Around one third of Chinese journalists working in the US could be sent home under a new move from Donald Trump’s administration.
The state-controlled All-China Journalists Association has condemned the move, in line with the Chinese government.
In a statement, the association said Washington’s actions have “seriously violated the normal and legitimate rights and interests of Chinese journalists in carrying out news reporting overseas, damaged the reputation of Chinese media and journalists, and interfered with their normal work abroad.”
That closely echoed the wording of a Chinese Foreign Ministry statement accusing Washington of harbouring a “Cold War mentality and ideological prejudice.”
The State Department has announced that a total of 100 journalists from five state-controlled Chinese state media outlets would be given visas, citing in part China’s increasingly harsh surveillance, harassment and intimidation of American and other foreign journalists in China for the move.

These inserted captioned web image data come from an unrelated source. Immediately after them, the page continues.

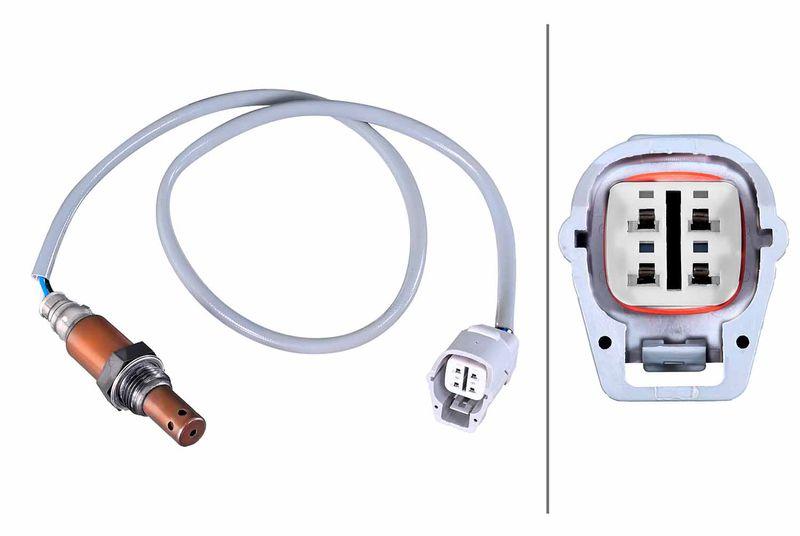 LAMBDA SENSÖRÜ — HELLA 6PA358229071 - HELLA - OEM P51A1886Z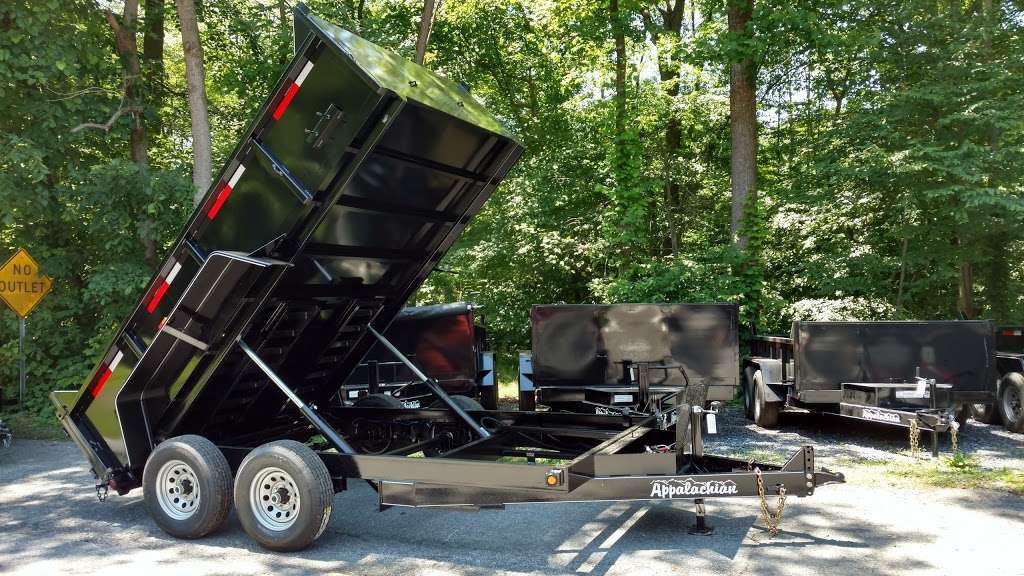 Appalachian Trailer Sales | 3401 Lebanon Rd, Manheim, PA 17545, USA | Phone: (717) 270-4330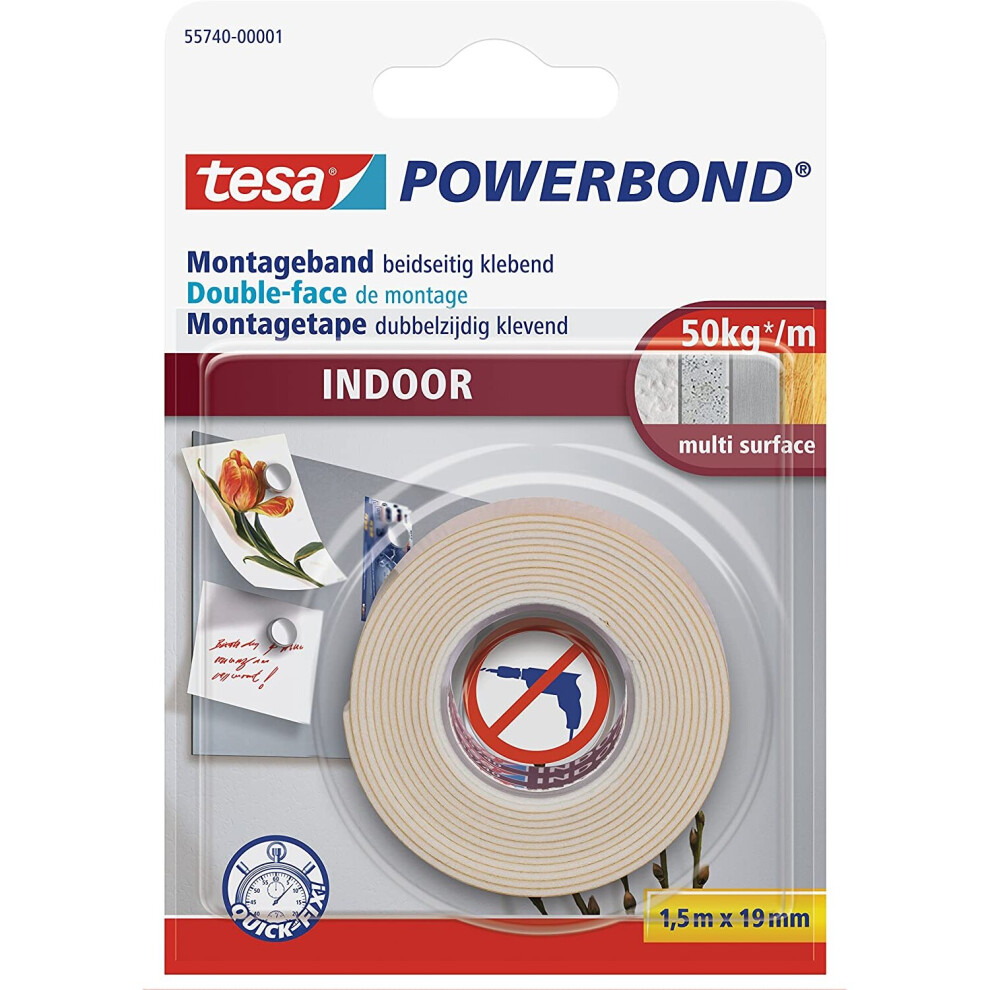 Tesa Powerbond Indoor 4042448846853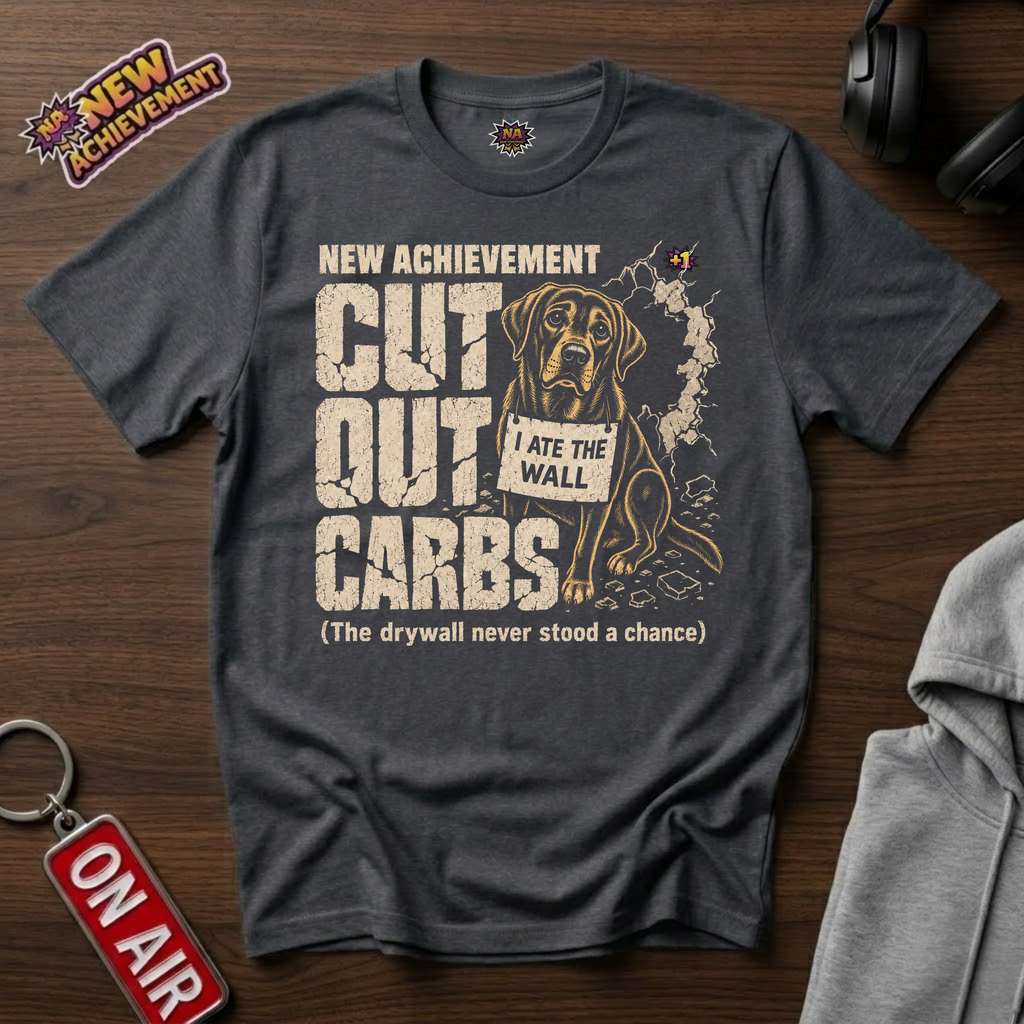 Cut Out Carbs T-Shirt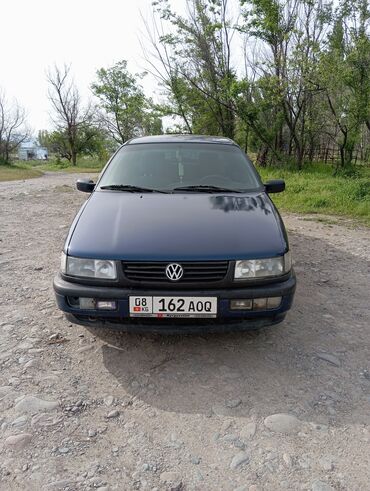 пасссат б4: Volkswagen Passat: 1994 г., 2 л, Механика, Газ, Седан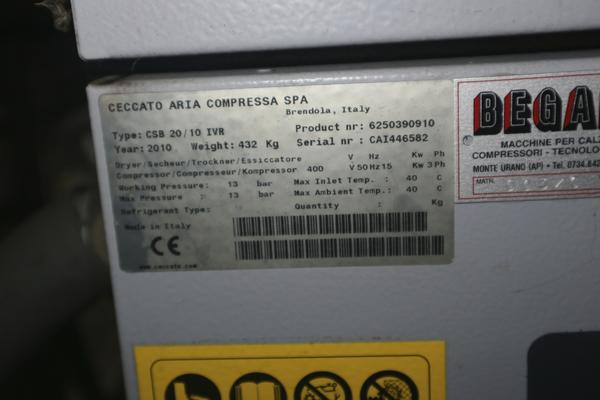48#3266 Compressori Ceccato e Mattei in vendita - foto 13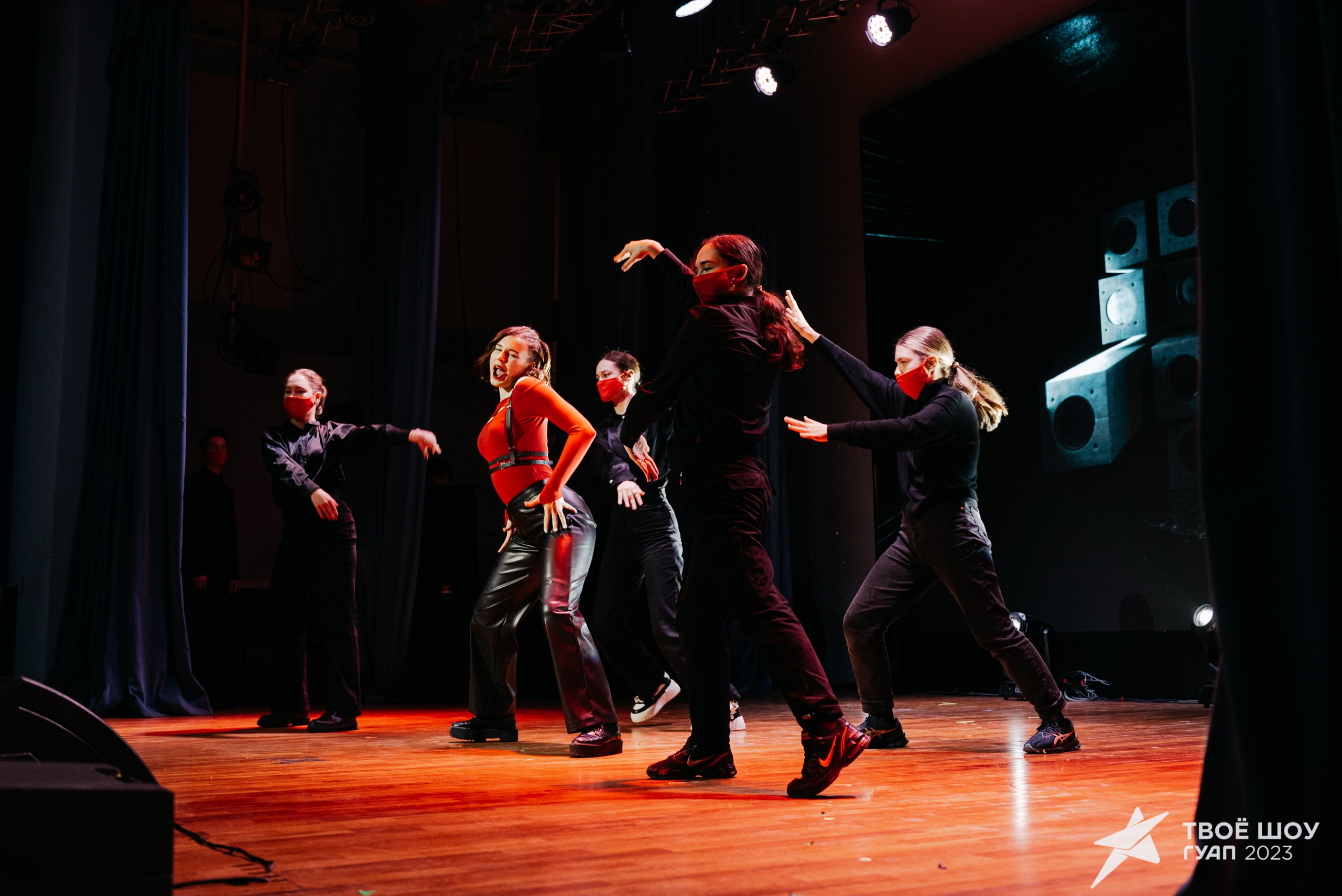 Твое Шоу ГУАП 2023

The five Chinese outlets, including the Xinhua News Agency and China Global Television Network, currently employ about 160 Chinese citizens in the US. There are about 75 Americans and other foreigners authorized to work for US news outlets inside China, according to the White House.
The US announcement followed China’s expulsion last month of three Wall Street Journal reporters over an opinion column headline that the Foreign Ministry called racist, and the release of survey results by the Foreign Correspondents’ Club of China showing a continuing deterioration in working conditions for overseas media in China.
Last month, the Trump administration designated Xinhua, CGTN and three others as foreign missions, requiring them to register their properties and employees in the US.
The State Department said that was in recognition of the fact that “they are effectively controlled” by the Chinese government. Chinese citizens working for other media organizations in the United States are unaffected by the cap.
The administration’s move was also denounced by international journalist advocacy group, Reporters Without Borders, which called on the US to immediately rescind the cap and said both governments must “put an end to the weaponisation of media as a tool to retaliate against the other nation.”
Secretary of State Mike Pompeo (pictured) has said the cap was imposed “in service of President Trump’s mission to establish greater reciprocity in our relationship with China.”
“We expect Beijing to take a more fair approach towards American and other foreign press inside of China,” Pompeo said.
“A free press helps expose corruption and protect the people from cover-ups, as well as help the world understand the (ruling Communist Party’s) thinking.